Il bello di quegli incontri di Cinematecnica risiedeva, nella maggior parte dei casi, anche nello spirito autenticamente seminariale, diciamo pure solidale, con cui le esperienze vissute di chi ce l’aveva fatta venivano trasmesse a chi s’accostava a quei temi accarezzando magari l’idea di cimentarsi un giorno nelle professioni del cinema. Si chiama empatia, oggi tanto strombazzata ma ieri, in fondo, assai più praticata nella spontaneità dei rapporti. Vi fu, quell’empatia, anche nell’incontro di Cicutto, che aveva esordito raccontando dei suoi trascorsi adolescenziali a Venezia (“andavo dalle suore a San Samuele, la domenica pomeriggio a vedere i film di cappa e spada… potevo scegliere tra venti sale”) e poi del suo trasferimento, diciottenne a Roma, perché c’era il cinema:
…pensando di iniziare una carriera cinematografica, mai come regista, mai come autore, non per falsa modestia, ma perché non avevo questo tipo di necessità, […] mentre l’aspetto organizzativo, questa cosa misteriosa, la figura del produttore, è sempre stata di grande fascino. [in La regìa, a cura di Fabrizio Borin e Roberto Ellero, Quaderni del Circuito Cinema n. 58, 1997]
E lì Cicutto inizierà dal gradino più basso, segretario di produzione (“praticamente quello che porta il caffè sul set o che si dà da fare per le cose più spicciole ma assolutamente essenziali dell’organizzazione”). Pazienza se fa tanto sogno americano o libro cuore, perché talvolta le cose vanno veramente così. E Cicutto era credibile perché smitizzava, sempre: nessun uomo solo al comando, neanche al cinema, produttore o regista che sia, e piuttosto il lavoro di squadra, la capacità di tenere insieme le motivazioni di tutti e di ciascuno.

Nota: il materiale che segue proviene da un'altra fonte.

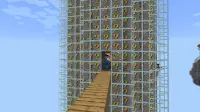 Sky Ores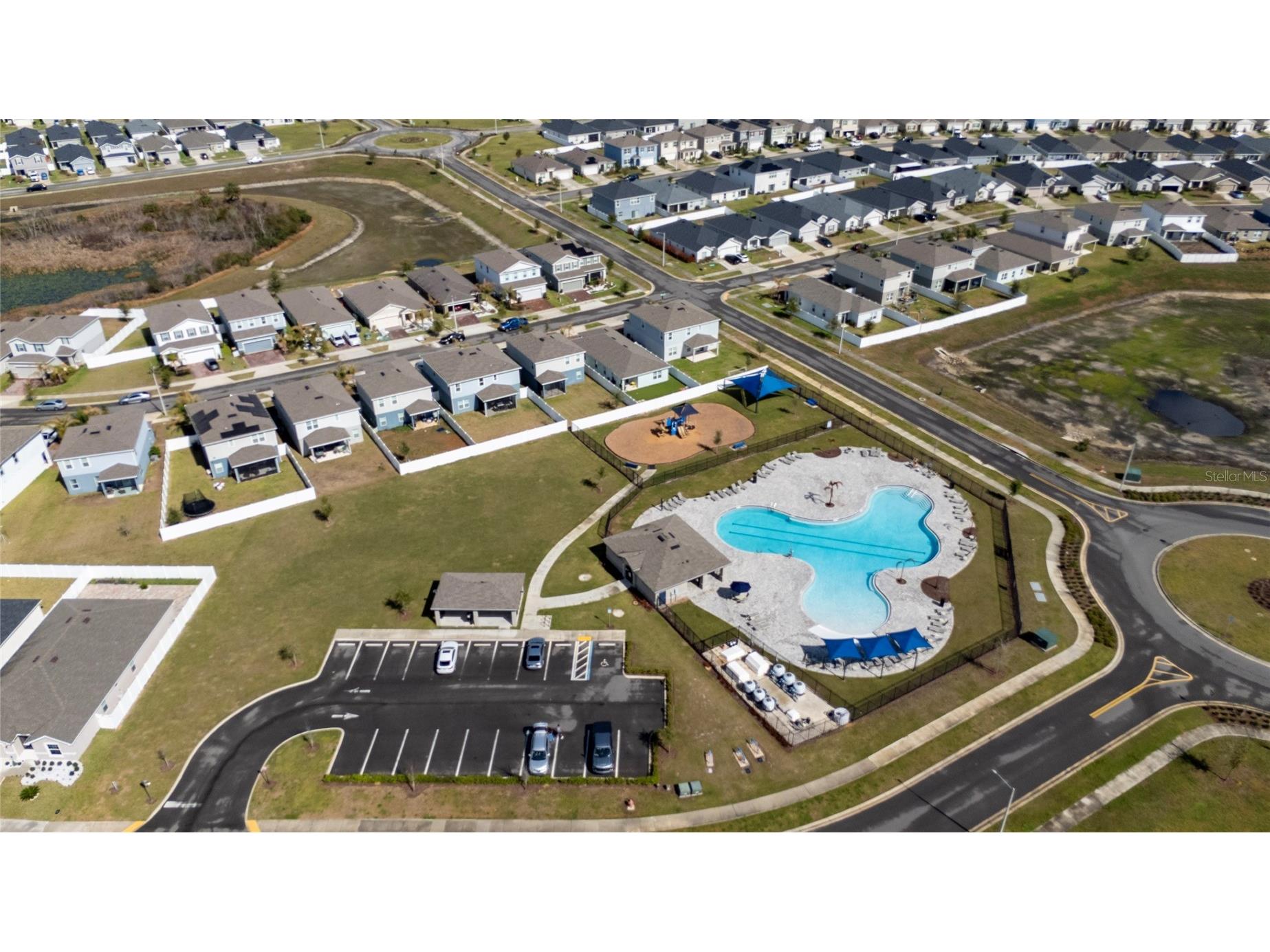 1107 Cascade Drive Davenport FL 33837 O6388812 image18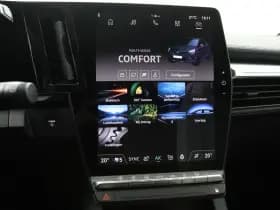 Renault Scénic thumbnail 24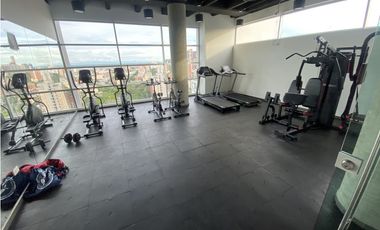 Apartamento en arriendo barrio Altos del Limon en Barranquilla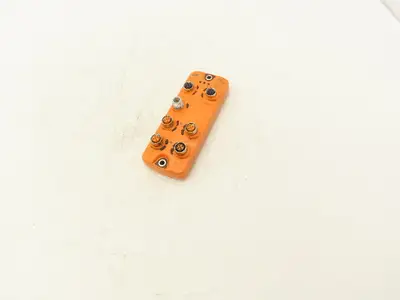 Used IFM _UNKNOWN_ Robot Parts Indiana US | Arrow Industrial #1408304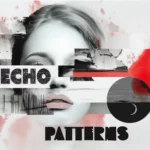 REVM003 Echo Patterns
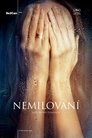 Nemilovaní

Chiudendo infine con una nota di sano razionale ottimismo:
Se posso permettermi di dare un consiglio utile, suggerisco con serenità a ciascun aspirante di interrogarsi mille e una volta se ha davvero la necessità di raccontare delle storie e di farle. […] Siccome tutti vogliono scrivere o vogliono dirigere o recitare e la competizione è enorme, cercare di darsi da fare, organizzarsi in gruppi di persone che vogliono fare il cinema, provare, rischiare, insistere, seguire dei contatti, inventarseli, smuovere le acque, studiare il linguaggio cinematografico, andare a scuola, partecipare ai premi, ai corsi ed ai concorsi, sganciarsi dal centralismo romano, anche troppo intasato… Creare dei poli locali, guardare ai meccanismi europei, pensare all’audiovisivo in senso lato.

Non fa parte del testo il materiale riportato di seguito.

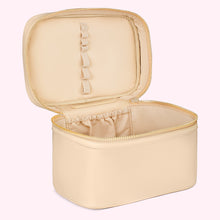 Vanity Case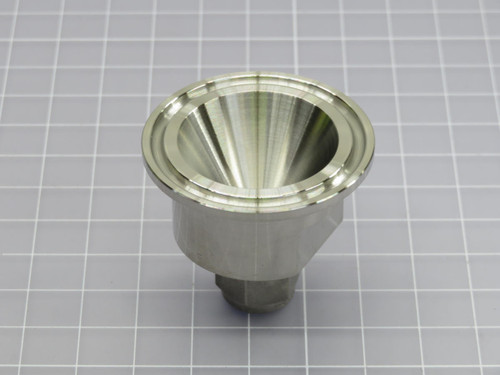 SWAGELOK      For Sale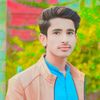 shahid_khan408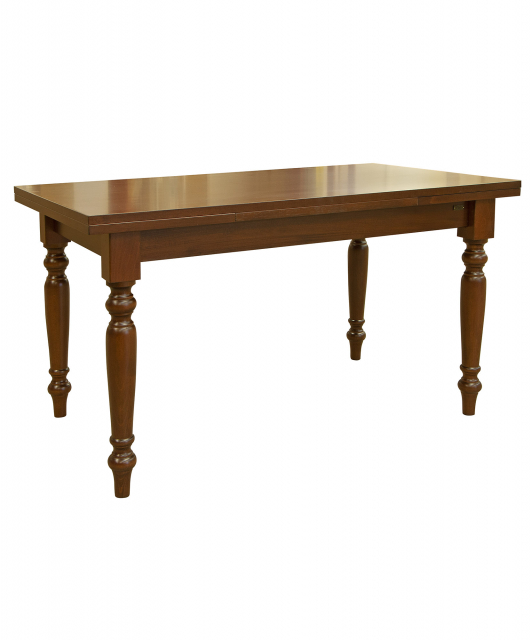 2462 Tifernoit Выдвижной выдвижной стол Soggiorno  - Вид №3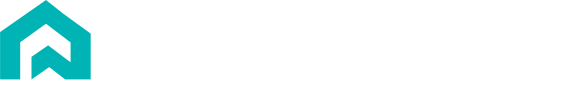 Arrowpoint-Properties-Logo-White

Era ieri, vent’anni e passa fa, ma sembra oggi, forse con qualche magone in più per le cose che dovevano o potevano andare in altro modo. E Roberto Cicutto oggi è presidente della più importante e internazionale fra le istituzioni culturali del nostro paese, con il compito, certo, di non sperperare l’eredità di Baratta ma cercando, se possibile, di andare oltre. Orgoglioso della sua venezianità, magari qualche idea gli verrà per connettere più saldamente la Biennale alla città, sempre lustra la vetrina ma un occhio anche alla “officina”, dove gli attrezzi impolverati di Venezia riposano da tempo. Buon lavoro, Presidente!